Los restos de madre e hijo fueron llevados al cementerio moscovita de Kúntsevo.
En cuanto a aquél capitán que en la guerra civil española fue herido y salvado por Ramón Mercader, fue aniquilado por una pirueta del destino. En un bar de México reconoció a su viejo camarada. Compartieron unos tragos –el capitán no tomaba alcohol–, y Ramón se fue lo antes posible. Su amigó lo siguió al grito de "¡Ramón, Ramón!" Reconocimiento peligroso. Dos policías de La Secreta los siguieron. Ramón apuró el paso, mientras el capitán (también comunista)
era detenido. En menos palabras: lo entregó.
La muerte del prisionero, asesinado y arrojado a un río, fue catalogada como "ahogamiento por accidente a causa del exceso de alcohol".

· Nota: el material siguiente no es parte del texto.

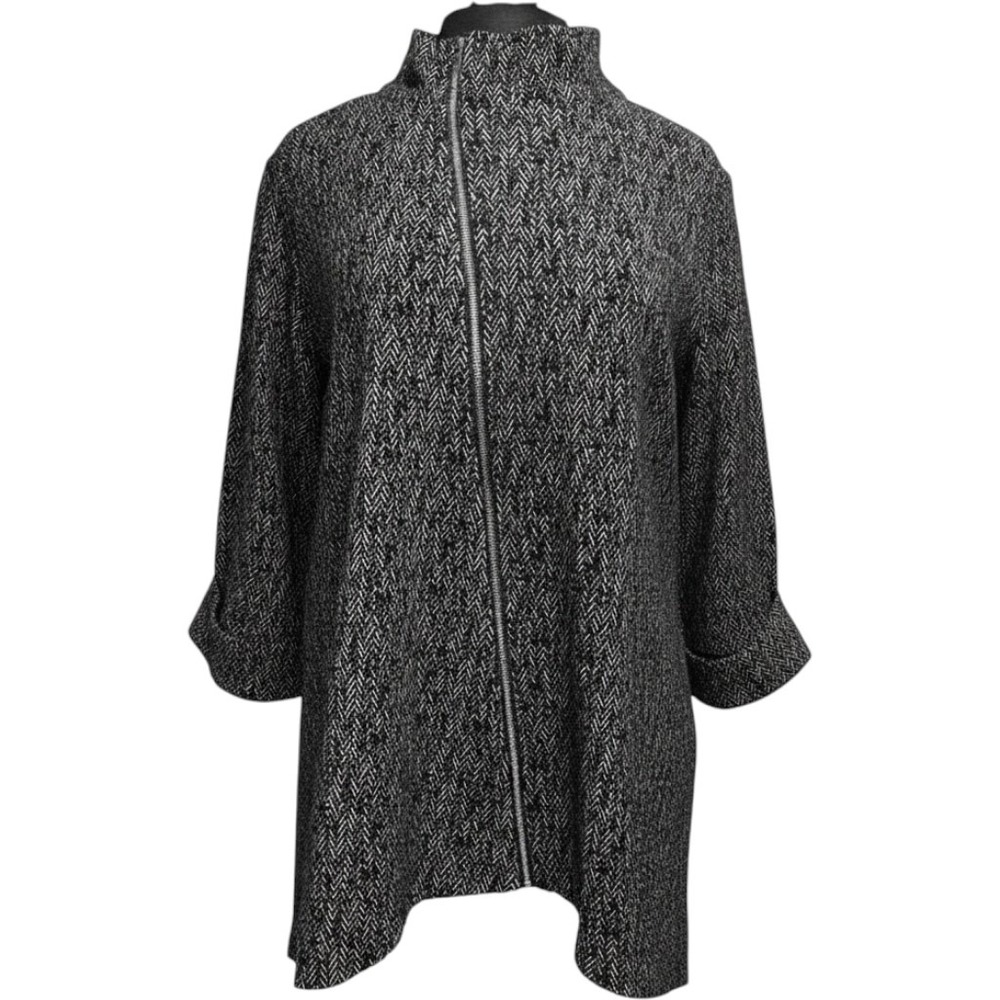 Comfy Stacey Jacket Black White Herringbone Zip Front Asymmetric Women's Small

Su viuda luchó en vano para que se abriera una investigación, insistiendo en una verdad:
–Jamás tomó alcohol.
Nunca la oyeron.
Entre la lealtad al tirano Stalin y la lealtad a su amigo y camarada de armas, eligió traicionar al más noble. Porque bien había sentenciado su madre cuando aceptó matar a Trotsky:
–Hijo, de esto no se sale. Esto es para siempre.
Sylvia, la enamorada y el Caballo de Troya, le escupió la cara al verlo en prisión. Mientras Ramón mataba a Trotsky, ella lo esperaba en un hotel, hechas las valijas, para el viaje en el que se casarían y vivirían su luna de miel.
Volvió a Brookyn y murió en 1995, a los 82 años.
Historia cerrada. Sólo el paso del tiempo que torna amarillos los millones de letras, y las fotografías.